Page MenuHomeVyOS Platform

Cannot create bond SR-IOV XCP-ng X540-T2
Closed, InvalidPublicBUG

Description

I have installed VyOS on Xenserver to work as a virtual L3 switch. I want to dedicate 4 interfaces to VyOS, passing them as SR-IOV interfaces and LACP bonding them with a downstream L2 switch.
When I create the bond it works fine for one interface, but it breaks when I try to add a second one.
In particular

set interfaces bonding bond0 member interface eth0
commit
save

works fine, but

set interfaces bonding bond0 member interface eth1
commit

results in

PermissionError: [Errno 1] Operation not permitted

During handling of the above exception, another exception occurred:

Traceback (most recent call last):
  File "/usr/libexec/vyos/conf_mode/interfaces-bonding.py", line 209, in <module>
    apply(c)
  File "/usr/libexec/vyos/conf_mode/interfaces-bonding.py", line 200, in apply
    b.update(bond)
  File "/usr/lib/python3/dist-packages/vyos/ifconfig/bond.py", line 401, in update
    self.add_port(interface)
  File "/usr/lib/python3/dist-packages/vyos/ifconfig/bond.py", line 262, in add_port
    ret = self.set_interface('bond_add_port', f'+{interface}')
  File "/usr/lib/python3/dist-packages/vyos/ifconfig/control.py", line 182, in set_interface
    return self._set_sysfs(self.config, name, value)
  File "/usr/lib/python3/dist-packages/vyos/ifconfig/control.py", line 166, in _set_sysfs
    self._sysfs_set[name]['location'].format(**config), value)
  File "/usr/lib/python3/dist-packages/vyos/ifconfig/control.py", line 132, in _write_sysfs
    f.write(str(value))
PermissionError: [Errno 1] Operation not permitted



[[interfaces bonding bond0]] failed
Commit failed

The order in which I add the interfaces does not matter, and using various combinations of the 4 interfaces yields the same result.

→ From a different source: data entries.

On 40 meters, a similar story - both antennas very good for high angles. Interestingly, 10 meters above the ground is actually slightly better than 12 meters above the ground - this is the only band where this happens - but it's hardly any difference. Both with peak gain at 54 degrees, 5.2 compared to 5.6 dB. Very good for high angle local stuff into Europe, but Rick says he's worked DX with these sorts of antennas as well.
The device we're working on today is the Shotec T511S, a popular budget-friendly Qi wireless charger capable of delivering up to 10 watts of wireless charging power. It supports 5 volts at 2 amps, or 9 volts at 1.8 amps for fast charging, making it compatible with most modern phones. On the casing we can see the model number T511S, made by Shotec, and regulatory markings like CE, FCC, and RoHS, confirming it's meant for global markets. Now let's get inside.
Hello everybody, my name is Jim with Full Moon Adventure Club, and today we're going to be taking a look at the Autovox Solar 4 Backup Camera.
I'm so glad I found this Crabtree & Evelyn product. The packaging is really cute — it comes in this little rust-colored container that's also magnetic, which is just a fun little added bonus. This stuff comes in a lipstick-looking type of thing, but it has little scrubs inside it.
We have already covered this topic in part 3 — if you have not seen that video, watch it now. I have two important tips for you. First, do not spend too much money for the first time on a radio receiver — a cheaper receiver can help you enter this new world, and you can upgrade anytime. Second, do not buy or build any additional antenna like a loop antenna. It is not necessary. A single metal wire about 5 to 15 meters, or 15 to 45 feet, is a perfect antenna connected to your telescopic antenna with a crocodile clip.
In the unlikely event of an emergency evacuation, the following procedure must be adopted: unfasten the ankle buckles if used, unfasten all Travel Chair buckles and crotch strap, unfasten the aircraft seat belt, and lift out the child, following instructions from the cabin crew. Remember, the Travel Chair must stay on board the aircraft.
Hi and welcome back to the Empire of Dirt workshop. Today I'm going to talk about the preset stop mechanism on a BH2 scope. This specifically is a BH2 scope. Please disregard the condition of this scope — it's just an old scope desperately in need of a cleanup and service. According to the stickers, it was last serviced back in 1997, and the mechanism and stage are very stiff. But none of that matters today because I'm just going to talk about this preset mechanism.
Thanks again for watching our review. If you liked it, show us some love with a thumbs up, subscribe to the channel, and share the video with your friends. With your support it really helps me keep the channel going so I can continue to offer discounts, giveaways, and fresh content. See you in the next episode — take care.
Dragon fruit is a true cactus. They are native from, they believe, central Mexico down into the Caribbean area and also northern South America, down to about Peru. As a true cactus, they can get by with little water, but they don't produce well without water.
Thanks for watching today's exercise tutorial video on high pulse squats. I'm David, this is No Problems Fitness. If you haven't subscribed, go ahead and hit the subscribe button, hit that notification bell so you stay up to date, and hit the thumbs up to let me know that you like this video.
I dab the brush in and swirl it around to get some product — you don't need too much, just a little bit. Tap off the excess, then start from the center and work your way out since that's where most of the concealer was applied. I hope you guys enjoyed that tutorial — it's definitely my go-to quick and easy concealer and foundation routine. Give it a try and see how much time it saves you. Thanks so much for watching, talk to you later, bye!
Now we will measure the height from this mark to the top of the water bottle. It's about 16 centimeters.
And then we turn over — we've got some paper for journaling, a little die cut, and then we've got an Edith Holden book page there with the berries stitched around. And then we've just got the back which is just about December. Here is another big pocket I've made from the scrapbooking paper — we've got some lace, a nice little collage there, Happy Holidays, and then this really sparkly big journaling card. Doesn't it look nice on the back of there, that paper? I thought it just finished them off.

The main issue seems to be however that VyOS is not able to set the MAC address for a SR-IOV interface. When running above commands i get in the guest dmesg

[  260.102308] ixgbevf 0000:00:06.0 eth0: NIC Link is Up 1 Gbps
[  260.108878] bond0: (slave eth0): Enslaving as a backup interface with an up link
[  260.153678] bond0: (slave eth1): Error -1 calling set_mac_address
[  260.161615] bond0: (slave eth1): Error -1 calling set_mac_address

and in the host dmesg

[35888.875860] ixgbe 0000:06:00.0 eth4: VF 0 attempted to set a new MAC address but it already has an administratively set MAC address CA:6D:EC:51:71:66
[35888.875865] ixgbe 0000:06:00.0 eth4: Check the VF driver and if it is not using the correct MAC address you may need to reload the VF driver

For completeness I include every piece of information in the log

Report Time:      2020-12-19 22:28:24
Image Version:    VyOS 1.3-rolling-202012190217
Release Train:    equuleus

Built by:         [email protected]
Built on:         Sat 19 Dec 2020 02:17 UTC
Build UUID:       b48a4b33-3129-4c7e-a597-d7936427320d
Build Commit ID:  09e7d7c379cfee

Architecture:     x86_64
Boot via:         installed image
System type:      Xen HVM guest

Hardware vendor:  Xen
Hardware model:   HVM domU
Hardware S/N:     1be847d5-9283-8688-ccf9-2fa97d0e4e58
Hardware UUID:    1be847d5-9283-8688-ccf9-2fa97d0e4e58

Details

Difficulty level
Unknown (require assessment)
Version
VyOS 1.3-rolling-202012190217
Why the issue appeared?
Will be filled on close
Is it a breaking change?
Unspecified (possibly destroys the router)
Issue type
Bug (incorrect behavior)

Event Timeline

The issue turned out to be at the host level. By default SR-IOV VFs are not allowed to change their own mac addresses or send packets with a different mac address, and since this is required for LACP bonding the configuration would just fail.

One needs to enable trust and disable spoof-check (on XCP-ng, ip link set dev ethN vf X trust on and ip link set dev ethN vf X spoofchk off). The settings get reset at each reboot, so it necessary to create a script to set them at boot (if somebody has a better solution please tell me).

While this is not a VyOS problem, the error message is beyond unhelpful by complaining about not being allowed to write to some file when it has nothing to do with the real problem, so this should be fixed in my opinion.

Thanks for the feedback and telling us about how to solve this issue.

The error message indeed is bad but generated by the OS kernel. We should find a general way to handle this in a more proper way.

erkin set Issue type to Bug (incorrect behavior).Aug 29 2021, 11:58 AM
erkin removed a subscriber: Active contributors.